The season may have started already, but it’s never too late for projections! For those of you who are unfamiliar with Optimal Location Ratios, or OLR for short, it is a statistic I created this past winter and debuted during PitchCon this year to analyze how well pitchers locate their pitches inside and outside the zone in their optimal locations according to the the so-called Blake Snell Blueprint of four-seam fastballs up and everything else down. In fact I wrote a primer on it a few months ago explaining how I created OLR, its strong connection to pitch success, and its ability to potentially predict future performance. One of the most important parts of testing a new, predictive statistic is to actually try and make predictions using it and see how it unfolds. That is exactly what I set out to do.

I hoped to have these out before the season started but unfortunately A.) I think I probably underestimated just how many pitchers I would need to project (A through D alone is just over 100 pitchers!), and B.) the coding turned out to be much trickier than I anticipated. Before I actually roll out the projections, though, I’m going to briefly explain my projection process and then I’ll pick a few players that stand out to me and walk through how I made my projection for that player. Before we do that though there are a few things to make clear.
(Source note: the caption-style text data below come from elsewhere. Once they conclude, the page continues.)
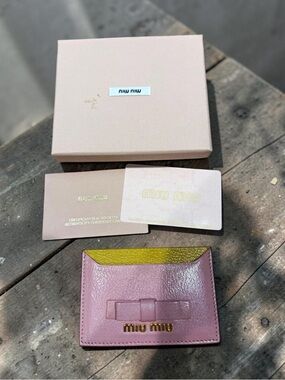 Miu Miu Pink Leather Cosmetic Pouch Like New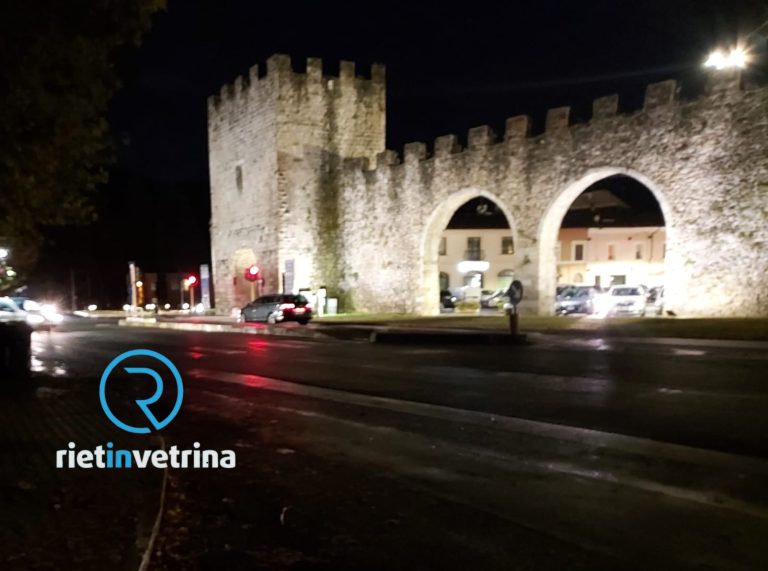 SEI TU IL REPORTER – “A Porta d’Arce non c’è illuminazione stradale”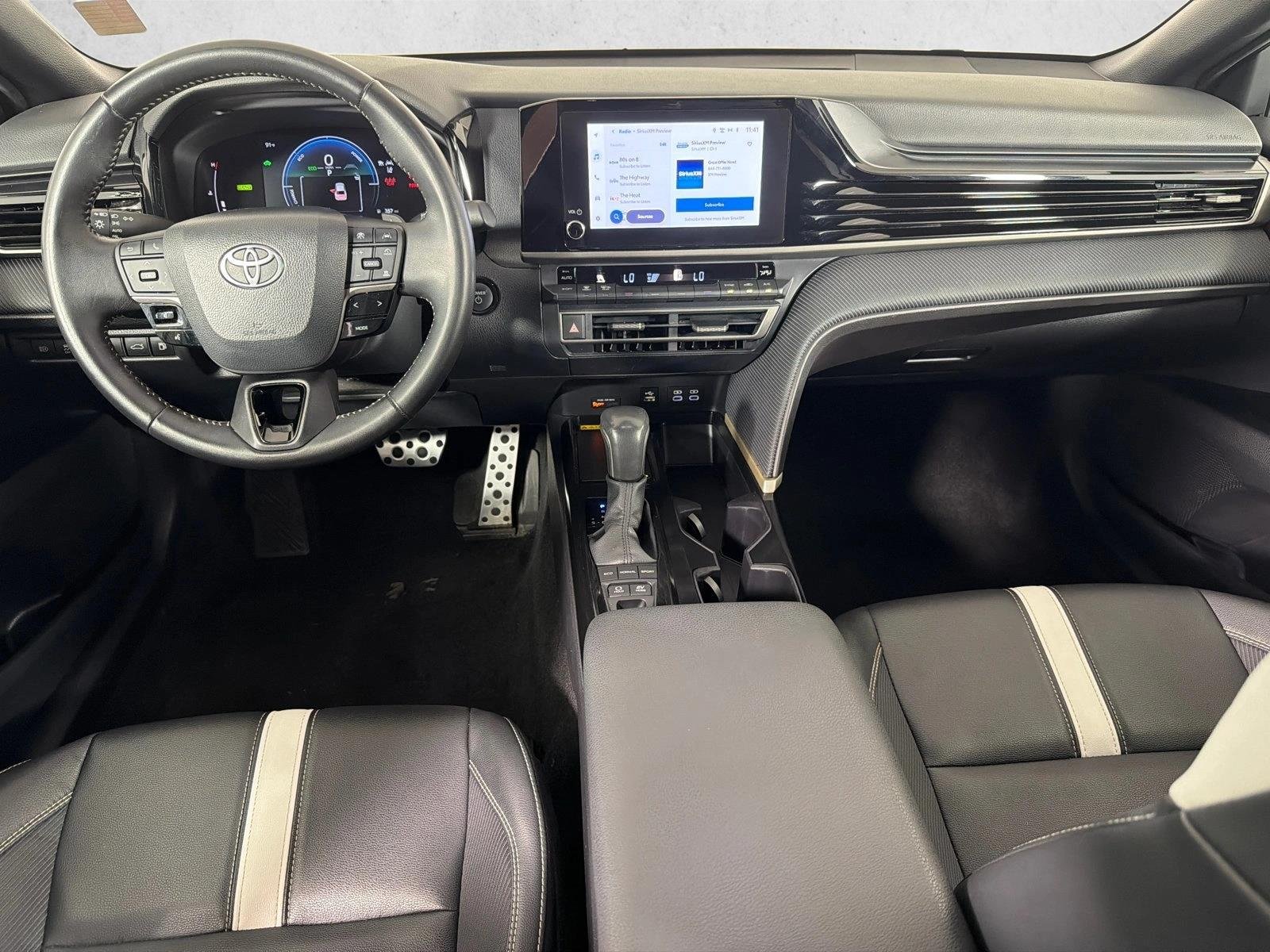 Used 2025 Heavy Metal Toyota SE image 22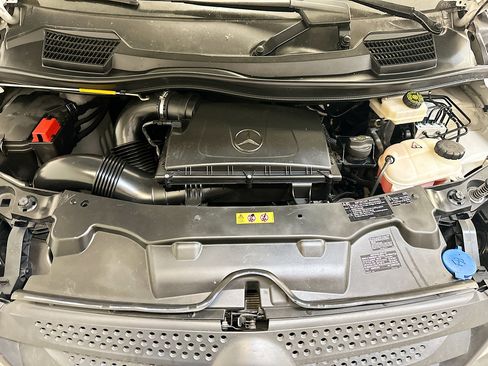 Used 2021 Mercedes-Benz Metris image 32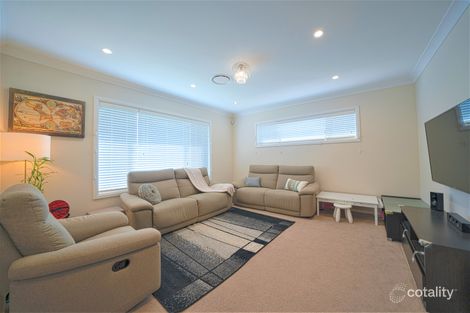 4 Ancher Pl, Ropes Crossing, NSW 2760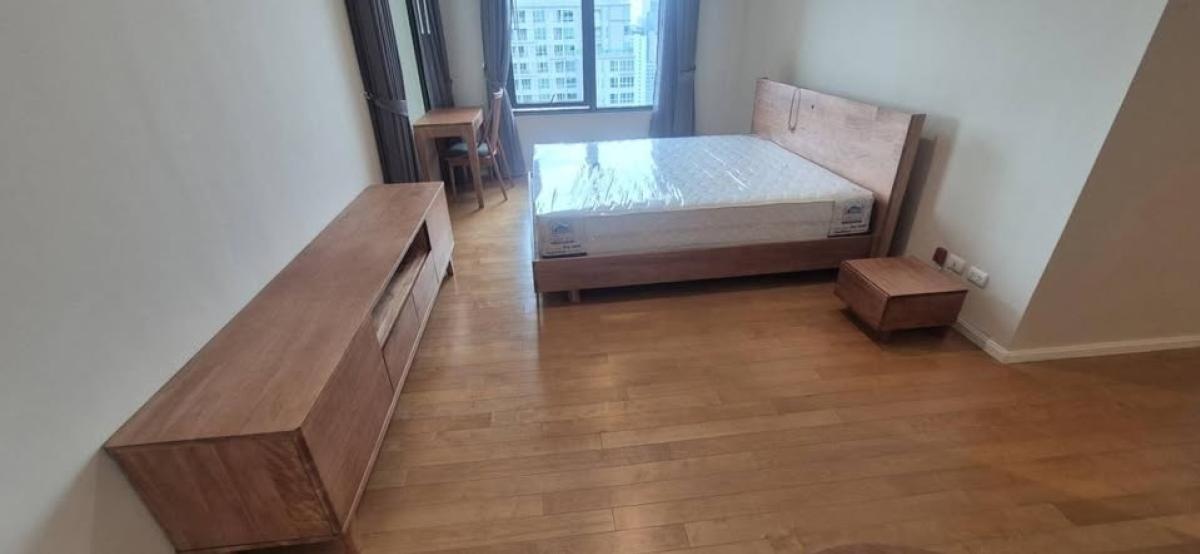 ขายคอนโดพระราม 9 เพชรบุรีตัดใหม่ RCA : 07/03/2026, รวมค่าโอนขายคอนโดหรู Villa Asoke 4 ห้องนอน 303 ตร.ม. ใจกลางเพชรบุรี ใกล้ BTS/MRT เดินทางสะดวก พร้อมสิ่งอำนวยความสะดวกครบครัน!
- OLR is a ratio comparing the rate at which a pitcher throws a pitch in it’s optimal location (Four-seam fastballs up, sinkers, breaking balls and offspeed pitches down) inside the strike zone and the total rate at which they throw the pitch in that optimal location as a whole. It will always be somewhere between one and zero.
- OLR has a range it wants to sit in. Too low an OLR and you aren’t throwing it in the zone enough to fool the hitter, but too high an OLR and now you’re throwing it in the zone TOO much and it’s going to get tattooed. Today, and for the next couple days, we’re talking about four-seam fastballs, and in this case, the range we are roughly looking for is between .40 and .45. There can be exceptions above or below that range, but usually you only want to trust them with repeated success.
- OLR was created using pVAL as a measure of success. It doesn’t predict how successful or unsuccessful a pitch will be: There are hundreds of things that determine degrees of success and OLR is just one of them. But OLR does have a strong connection with predicting success or failure according to pVAL. With that in mind, that’s all these projections will attempt to predict: Whether or not the pitch will be successful or not in 2022.

Okay! With all that out of the way, let’s move on to how I make my projections:

**Projection Methodology**

The first key component to how I make my projection that you have to understand is what’s called the Many Model Theory. At their core, models are a simplified way of looking at the world or a set of data so we can better understand it. Models can be mathematical equations or algorithms, they can be a visualization or image, heck in my personal favorite example, The Mississippi River Basin Model, they can be literal three dimensional models.

OLR in and of itself is a model as it is a simplified way to use a single number to understand the effects of pitch location in certain areas linked to pitch success. The Many Model Theory is the idea that the more accurate, non-redundant models you can use to explain something, the more accurate it will be. In this situation, the average of multiple models used to predict OLR will lead to a more accurate and nuanced projection. Many projections systems, such as Ariel Cohen’s ATC projections or FantasyPros’ Aggregate ADP, already use this theory to make better projections.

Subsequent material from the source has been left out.